Dasar Hukum Laut Indonesia
Indonesia adalah
negara kepulauan yang terbentang dari sabang hingga merauke. Batas wilayah laut
Indonesia pada awal kemerdekaan hanya selebar 3 mil laut dari garis pantai
(Coastal baseline) setiap pulau, yaitu perairan yang mengelilingi Kepulauan
Indonesia bekas wilayah Hindia Belanda (Territoriale Zee en Maritime Kringen
Ordonantie tahun 1939 dalam Soewito et al 2000). Namun ketetapan batas
tersebut,yang merupakan warisan kolonial Belanda, tidak sesuai lagi untuk
memenuhi kepentingan keselamatan dan keamanan Negara Republik Indonesia. Atas
pertimbangan tersebut, maka lahirlah konsep Nusantara (Archipelago) yang
dituangkan dalam Deklarasi Juanda pada tanggal 13 Desember 1957. Isi pokok dari
deklarasi tersebut “Bahwa segala perairan di sekitar, diantara dan yang
menghubungkan pulau-pulau yang termasuk daratan Negara Republik Indonesia tanpa
memandang luas atau lebarnya adalah bagian-bagian yang wajar dari wilayah
daratan Negara Republik Indonesia, dan dengan demikian merupakan bagian dari
perairan nasional yang berada di bawah kedaulatan mutlak Negara Republik Indonesia”.
Deklarasi Djuanda
dikukuhkan pada tanggal 18 Pebruari 1960 dalam Undang-Undang No. 4/Prp tahun
1960 tentang Perairan Indonesia. Ketetapan wilayah Republik Indonesia yang
semula sekitar 2 juta km2 (daratan) berkembang menjadi sekitar 5,1 juta km2
(meliputi daratan dan lautan). Dalam hal ini, ada penambahan luas sebesar
sekitar 3,1 juta km2, dengan laut teritorial sekitar 0,3 juta km2 dan perairan
laut nusantara sekitar 2,8 juta km2. konsep Nusantara dituangkan dalam Wawasan
Nusantara sebagai dasar pokok pelaksanaan Garis-garis Besar Haluan Negara
melalui ketetapan MPRS No. IV tahun 1973.
Pada konferensi
Hukul Laut di Geneva tahun 1958, Indonesia belum berhasil
mendapatkan pengakuan Internasional. Namun baru pada Konferensi Hukum Laut
pada sidang ke tujuh di Geneva tahun 1978. Konsepsi Wawasan Nusantara mendapat
pengakuan dunia internasional. Hasil perjuangan yang berat selama sekitar 21
tahun mengisyaratkan kepada Bangsa Indonesia bahwa visi maritim seharusnya
merupakan pilihan yang tepat dalam mewujudkan Negara Kesatuan Republik
Indonesia.
Melalui Konvensi
Hukum Laut Internasional (UNCLOS) pada tahun 1982, yang hingga kini telah
diratifikasi oleh 140 negara, negara-negara kepulauan (Archipelagic states)
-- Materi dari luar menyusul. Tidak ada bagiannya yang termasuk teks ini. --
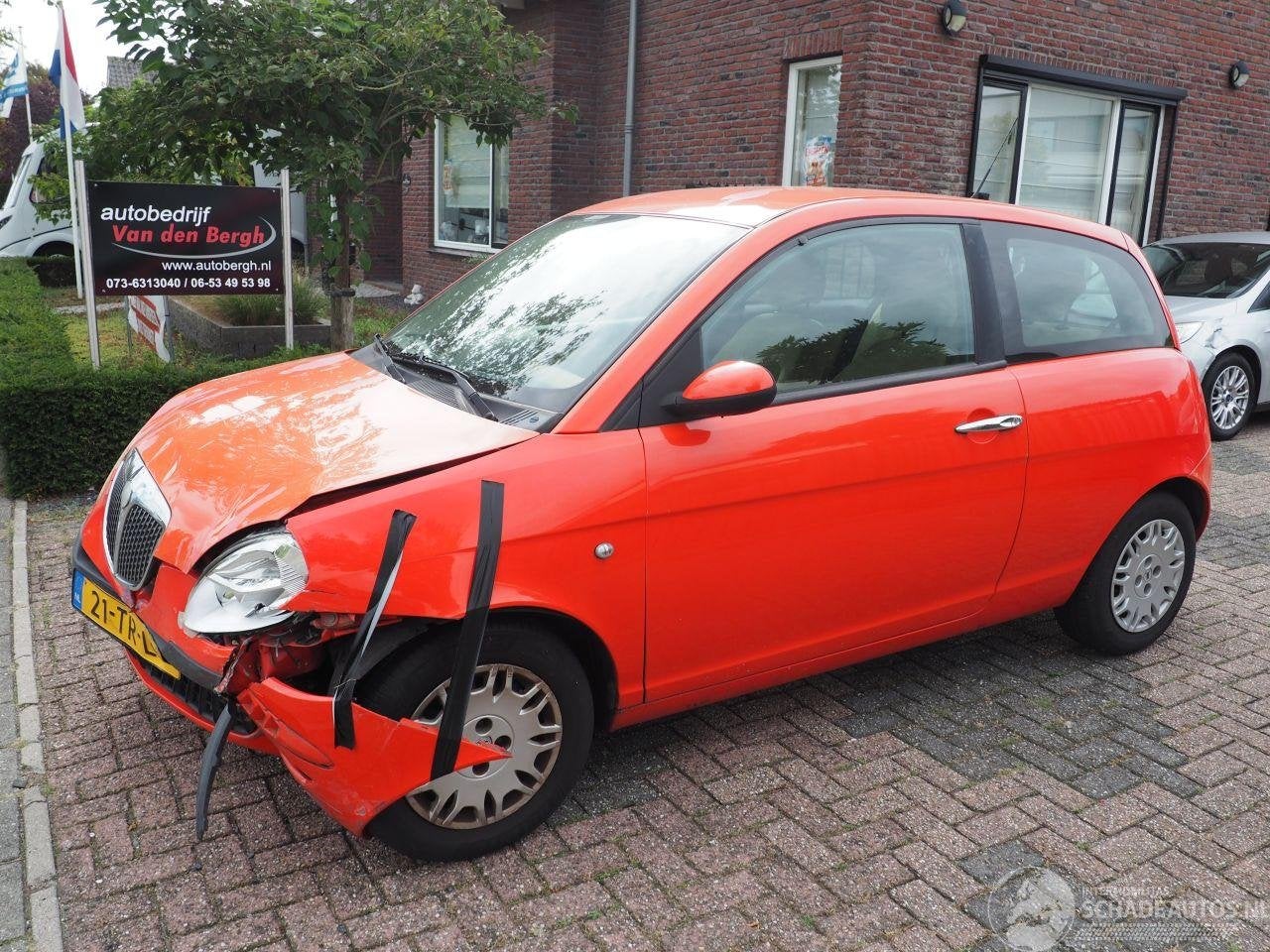 Lancia Ypsilon 1.2 Oro (bj 2007), Webaccessibility@stellantis.com, Stellantis N.V., Overige brandstoffen, Handgeschakeld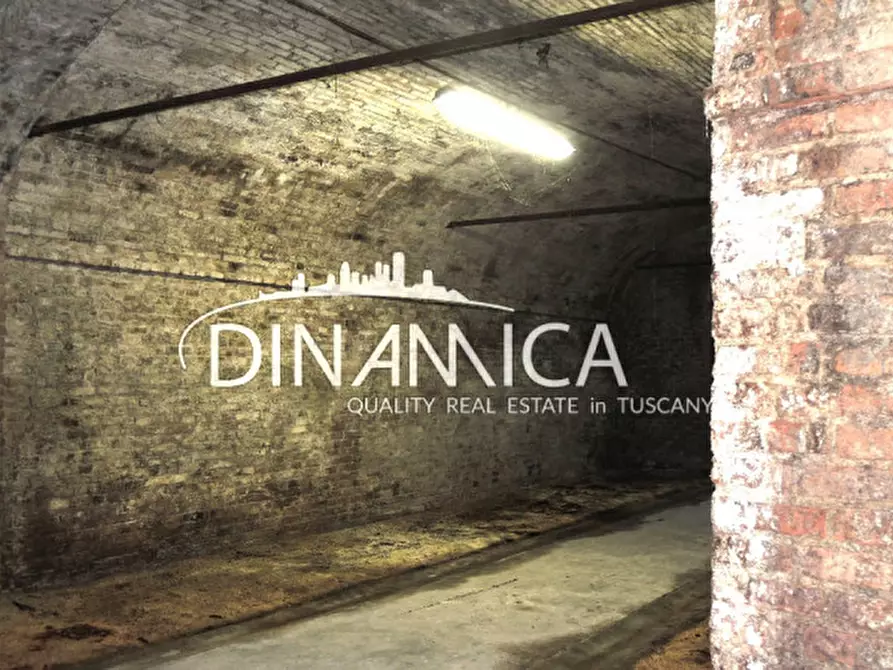 Immagine 56 di Villa in vendita  a Capannoli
memperoleh hak mengelola Zona Ekonomi Eksklusif seluas 200 mil laut diluar
wilayahnya. Sebagai negara kepulauan, Indonesia mempunyai hak mengelola
(yurisdiksi) terhadap Zona Ekonomi Eksklusif, meskipun baru meratifikasinya.
Hal itu kemudian dituangkan dalam Undang-Undang No. 17 tanggal 13 Desember 1985
tentang pengesahan UNCLOS (United Nations Convention on the Law of the Sea).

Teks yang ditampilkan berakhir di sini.